Activity: Word for word, quote the lines from the one containing "Hey guys, if" to the end of the entries below, including both. Leave pictures out.
--------
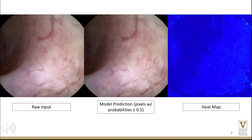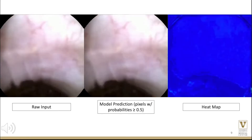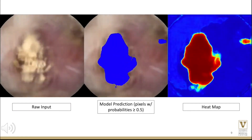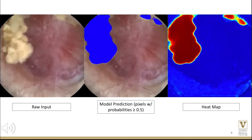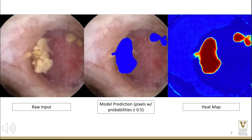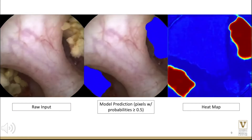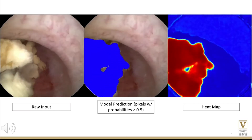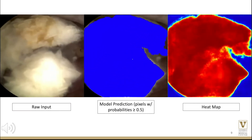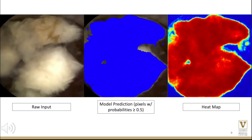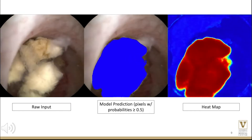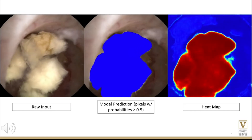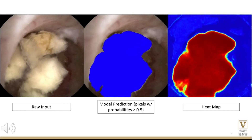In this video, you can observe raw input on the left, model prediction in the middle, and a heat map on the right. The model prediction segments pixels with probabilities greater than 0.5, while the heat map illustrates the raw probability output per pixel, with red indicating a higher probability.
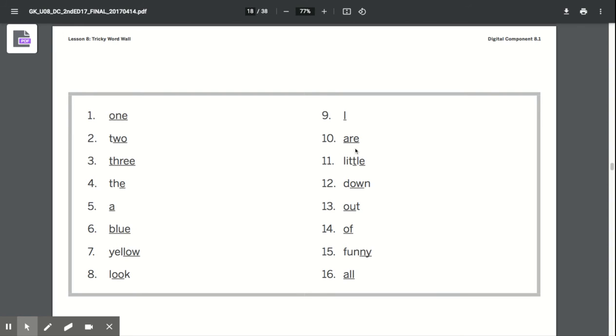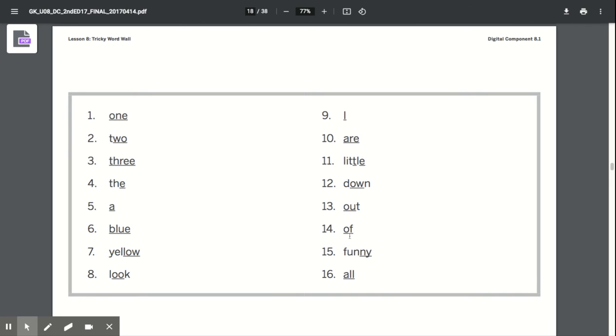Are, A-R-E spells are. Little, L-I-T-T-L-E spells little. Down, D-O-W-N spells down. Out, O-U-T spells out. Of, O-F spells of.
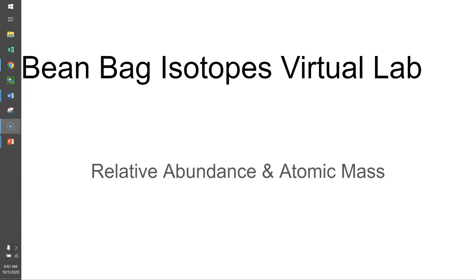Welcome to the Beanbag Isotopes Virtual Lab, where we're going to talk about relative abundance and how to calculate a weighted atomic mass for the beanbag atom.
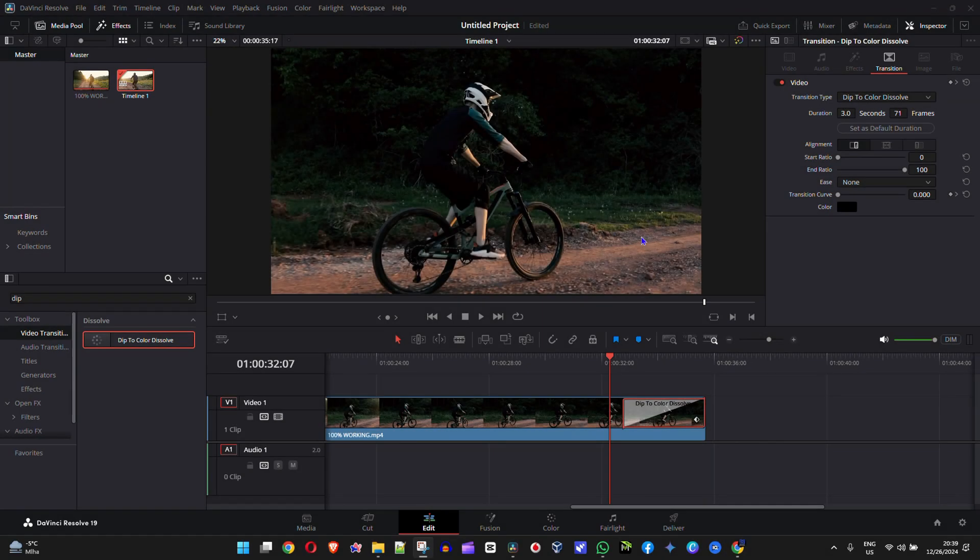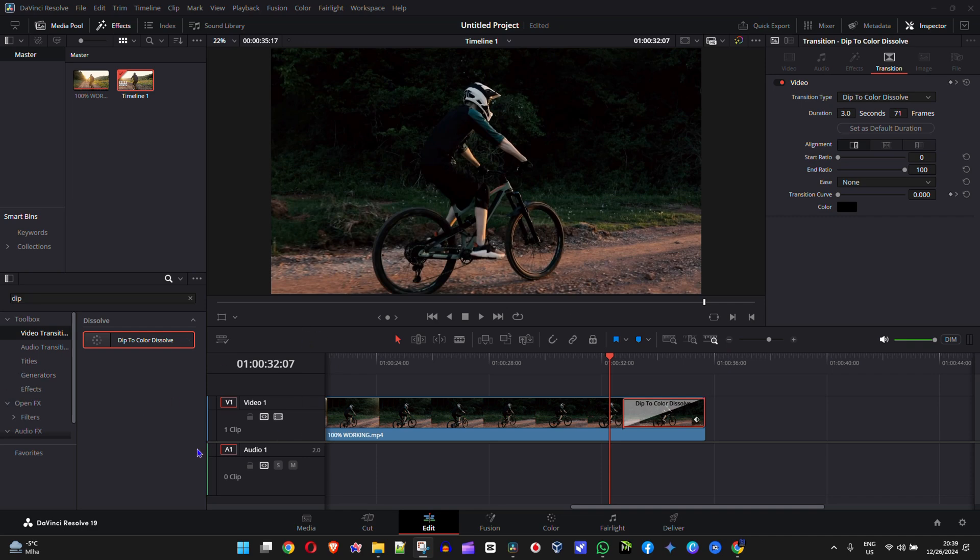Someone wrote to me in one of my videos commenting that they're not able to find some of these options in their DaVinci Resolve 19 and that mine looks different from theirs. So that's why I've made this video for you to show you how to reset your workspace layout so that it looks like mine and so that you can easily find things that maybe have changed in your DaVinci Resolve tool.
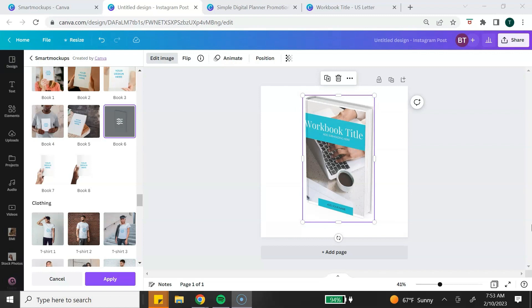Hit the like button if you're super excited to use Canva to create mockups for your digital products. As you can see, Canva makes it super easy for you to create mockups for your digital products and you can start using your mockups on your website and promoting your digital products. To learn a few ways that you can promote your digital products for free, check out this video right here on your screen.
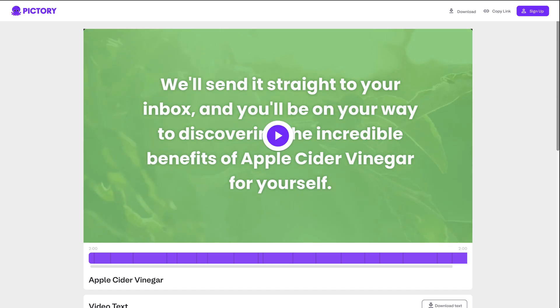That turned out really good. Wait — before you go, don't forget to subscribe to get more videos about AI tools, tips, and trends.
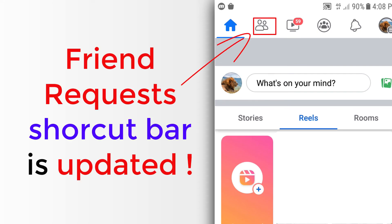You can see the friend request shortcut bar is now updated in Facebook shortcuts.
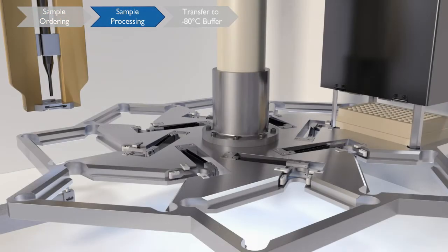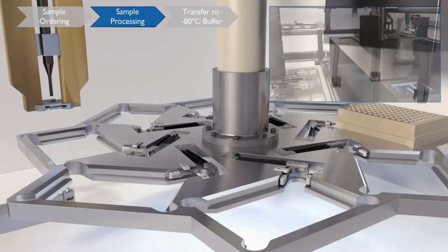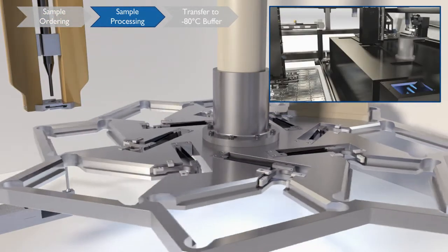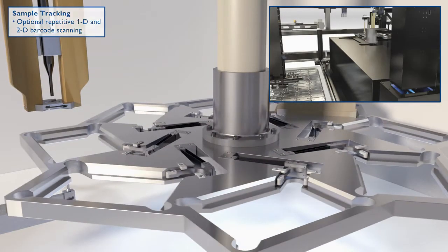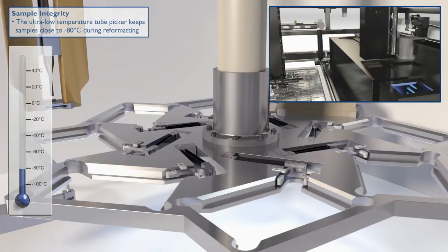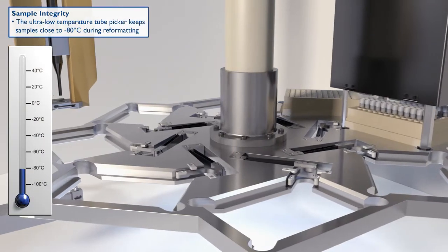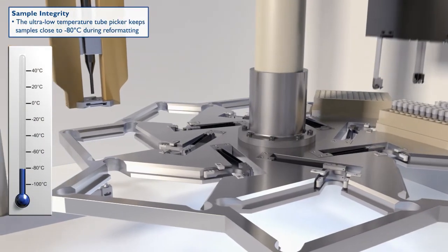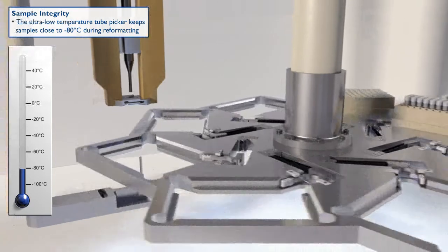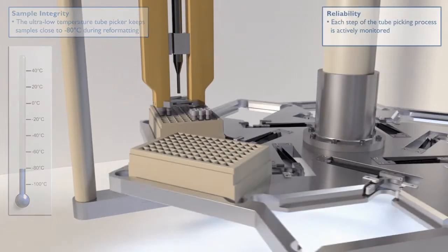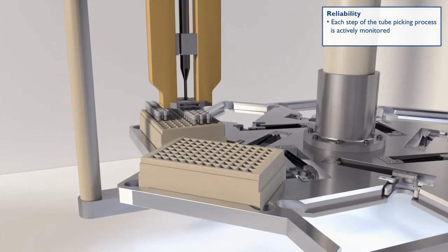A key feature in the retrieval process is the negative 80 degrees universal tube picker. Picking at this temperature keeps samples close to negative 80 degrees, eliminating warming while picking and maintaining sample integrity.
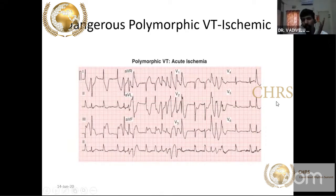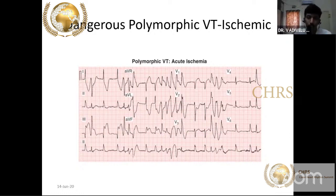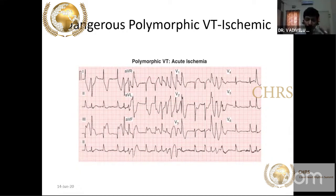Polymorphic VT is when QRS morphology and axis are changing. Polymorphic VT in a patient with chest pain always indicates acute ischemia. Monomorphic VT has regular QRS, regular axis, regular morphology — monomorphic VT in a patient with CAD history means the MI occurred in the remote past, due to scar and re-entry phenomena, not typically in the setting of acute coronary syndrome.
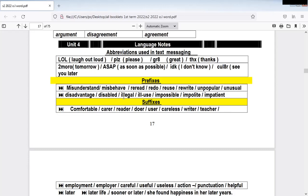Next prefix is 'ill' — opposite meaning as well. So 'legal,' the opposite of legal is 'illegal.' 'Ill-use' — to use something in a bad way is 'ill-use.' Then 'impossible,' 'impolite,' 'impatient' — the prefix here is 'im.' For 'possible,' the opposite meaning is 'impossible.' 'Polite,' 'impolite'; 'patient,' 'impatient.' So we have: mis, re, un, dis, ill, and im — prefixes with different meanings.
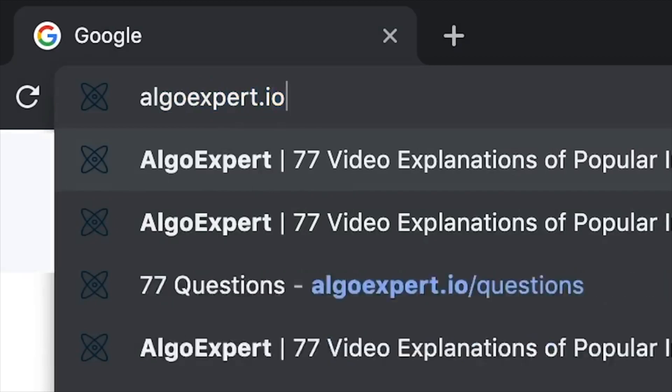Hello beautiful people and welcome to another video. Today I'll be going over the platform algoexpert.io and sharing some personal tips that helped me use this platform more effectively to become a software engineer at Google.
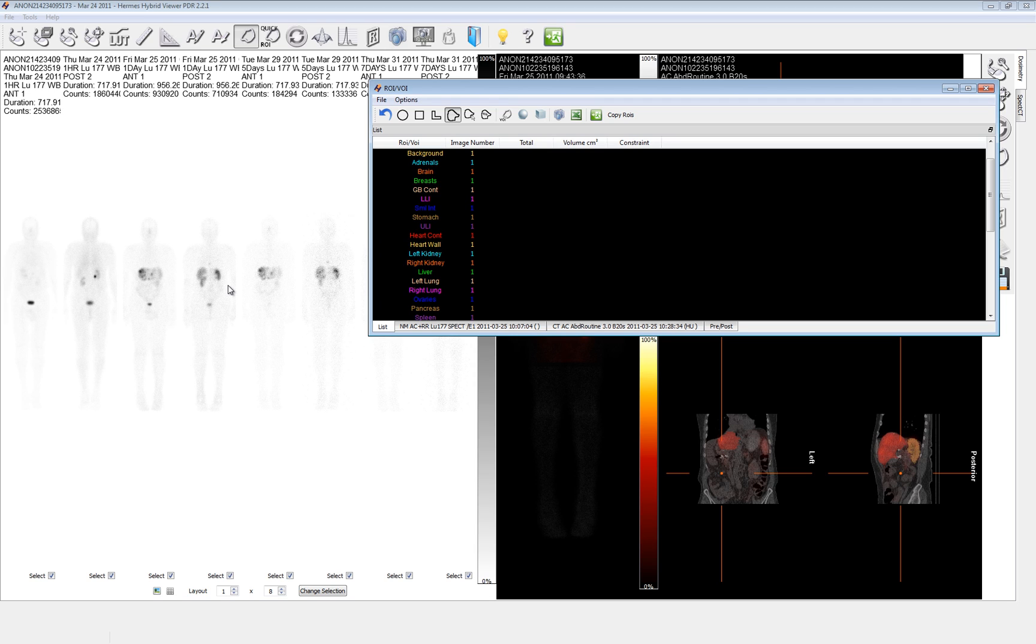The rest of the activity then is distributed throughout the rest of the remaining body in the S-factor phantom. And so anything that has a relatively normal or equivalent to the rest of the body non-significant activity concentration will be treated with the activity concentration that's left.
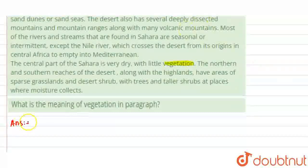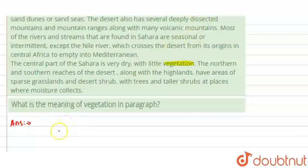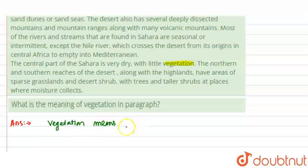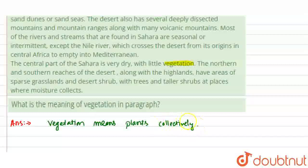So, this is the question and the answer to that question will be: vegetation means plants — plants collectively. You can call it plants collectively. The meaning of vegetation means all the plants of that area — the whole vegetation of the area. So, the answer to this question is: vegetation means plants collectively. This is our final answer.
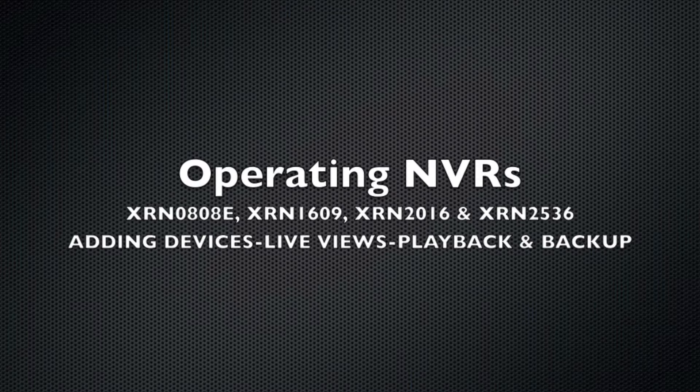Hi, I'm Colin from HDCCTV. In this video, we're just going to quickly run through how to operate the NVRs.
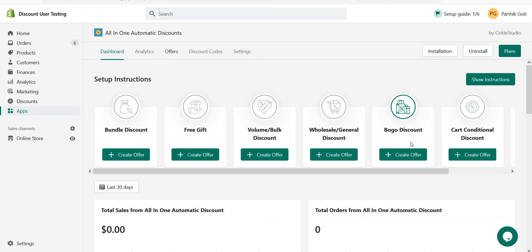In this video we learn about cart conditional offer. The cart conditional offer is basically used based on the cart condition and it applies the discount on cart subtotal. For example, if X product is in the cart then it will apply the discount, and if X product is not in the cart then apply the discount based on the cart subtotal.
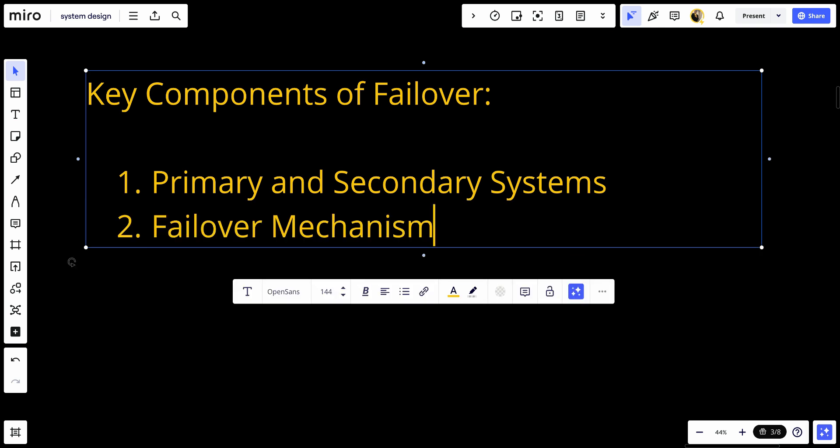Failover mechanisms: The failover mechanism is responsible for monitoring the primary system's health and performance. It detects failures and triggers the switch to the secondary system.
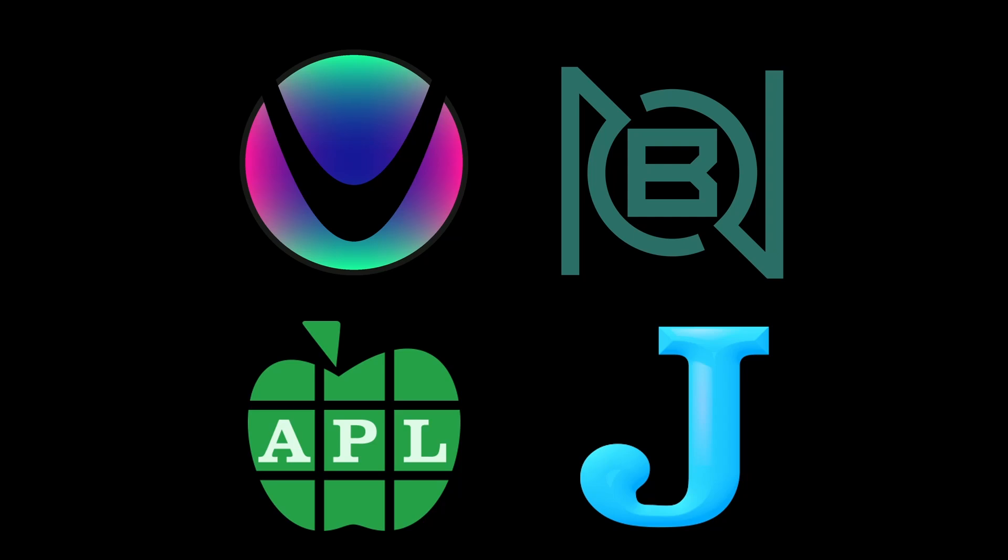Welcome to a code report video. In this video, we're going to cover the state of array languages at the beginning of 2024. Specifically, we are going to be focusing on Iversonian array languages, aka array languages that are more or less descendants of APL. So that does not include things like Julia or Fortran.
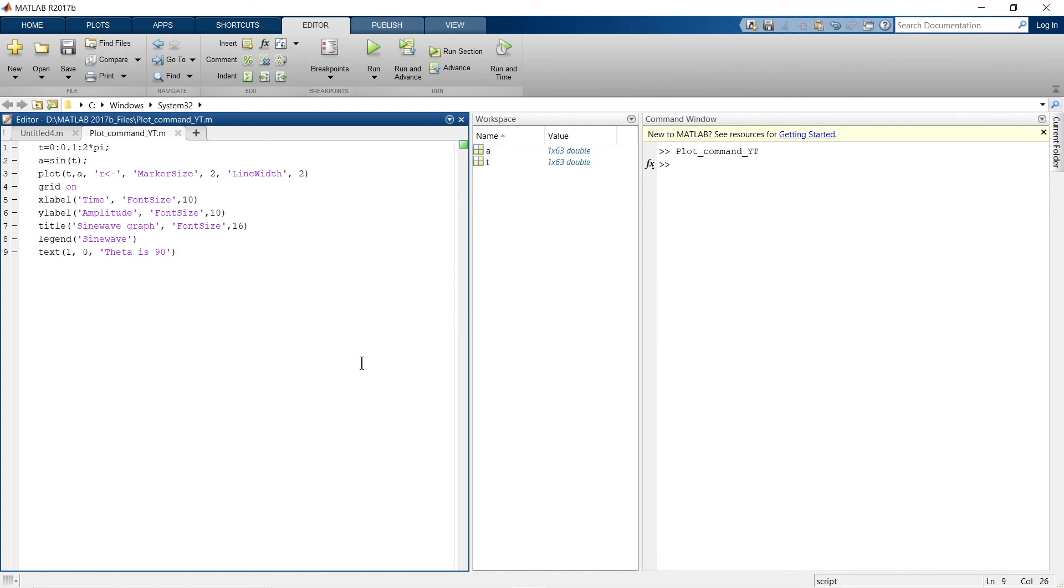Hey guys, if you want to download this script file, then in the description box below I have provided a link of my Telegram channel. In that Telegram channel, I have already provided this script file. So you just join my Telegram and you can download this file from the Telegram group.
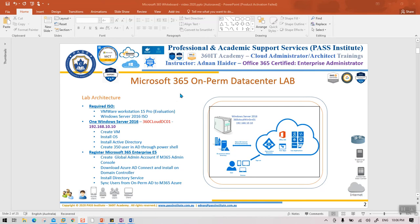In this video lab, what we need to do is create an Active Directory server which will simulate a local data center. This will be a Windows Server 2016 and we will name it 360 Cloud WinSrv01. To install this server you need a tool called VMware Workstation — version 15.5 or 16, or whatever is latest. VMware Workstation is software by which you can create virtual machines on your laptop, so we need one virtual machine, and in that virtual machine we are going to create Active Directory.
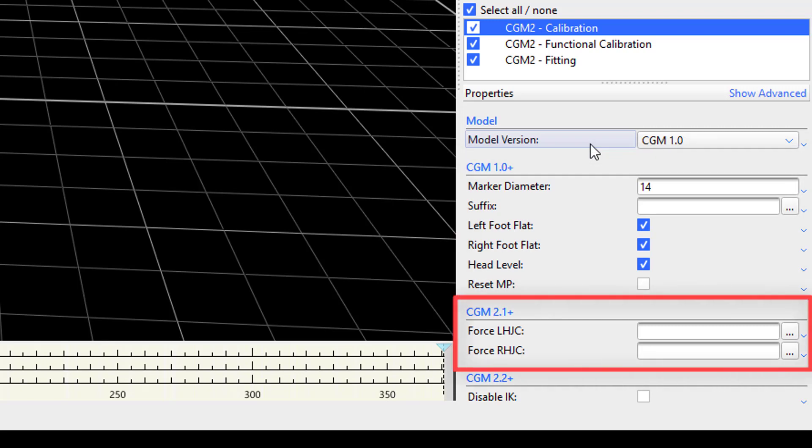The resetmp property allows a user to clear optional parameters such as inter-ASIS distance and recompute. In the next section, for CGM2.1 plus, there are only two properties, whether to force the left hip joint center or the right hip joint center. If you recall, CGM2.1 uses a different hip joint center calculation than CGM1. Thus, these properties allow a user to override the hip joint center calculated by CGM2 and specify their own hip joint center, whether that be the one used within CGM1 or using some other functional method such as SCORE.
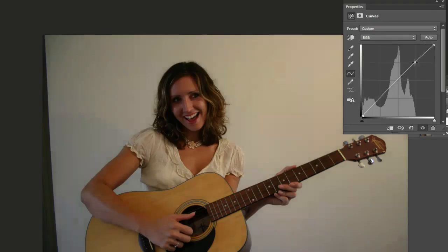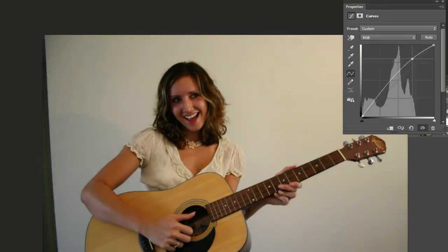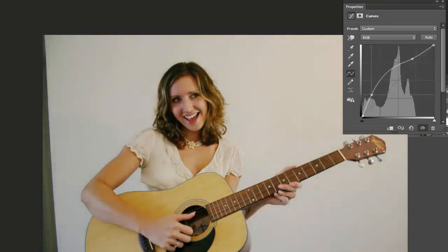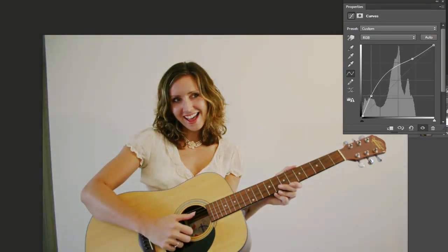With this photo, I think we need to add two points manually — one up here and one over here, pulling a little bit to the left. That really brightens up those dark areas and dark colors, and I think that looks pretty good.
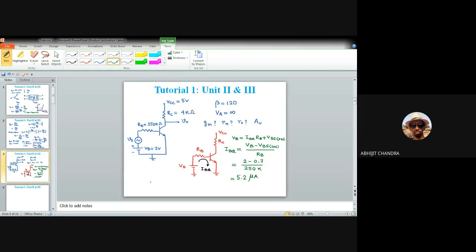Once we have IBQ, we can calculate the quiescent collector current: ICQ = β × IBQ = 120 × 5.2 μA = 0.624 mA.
--------
Task output:
Hey guys, if you want to download this script file, then in the description box below I have provided a link of my Telegram channel. In that Telegram channel, I have already provided this script file. So you just join my Telegram and you can download this file from the Telegram group.
In this video lab, what we need to do is create an Active Directory server which will simulate a local data center. This will be a Windows Server 2016 and we will name it 360 Cloud WinSrv01. To install this server you need a tool called VMware Workstation — version 15.5 or 16, or whatever is latest. VMware Workstation is software by which you can create virtual machines on your laptop, so we need one virtual machine, and in that virtual machine we are going to create Active Directory.
The resetmp property allows a user to clear optional parameters such as inter-ASIS distance and recompute. In the next section, for CGM2.1 plus, there are only two properties, whether to force the left hip joint center or the right hip joint center. If you recall, CGM2.1 uses a different hip joint center calculation than CGM1. Thus, these properties allow a user to override the hip joint center calculated by CGM2 and specify their own hip joint center, whether that be the one used within CGM1 or using some other functional method such as SCORE.
With this photo, I think we need to add two points manually — one up here and one over here, pulling a little bit to the left. That really brightens up those dark areas and dark colors, and I think that looks pretty good.
Once we have IBQ, we can calculate the quiescent collector current: ICQ = β × IBQ = 120 × 5.2 μA = 0.624 mA.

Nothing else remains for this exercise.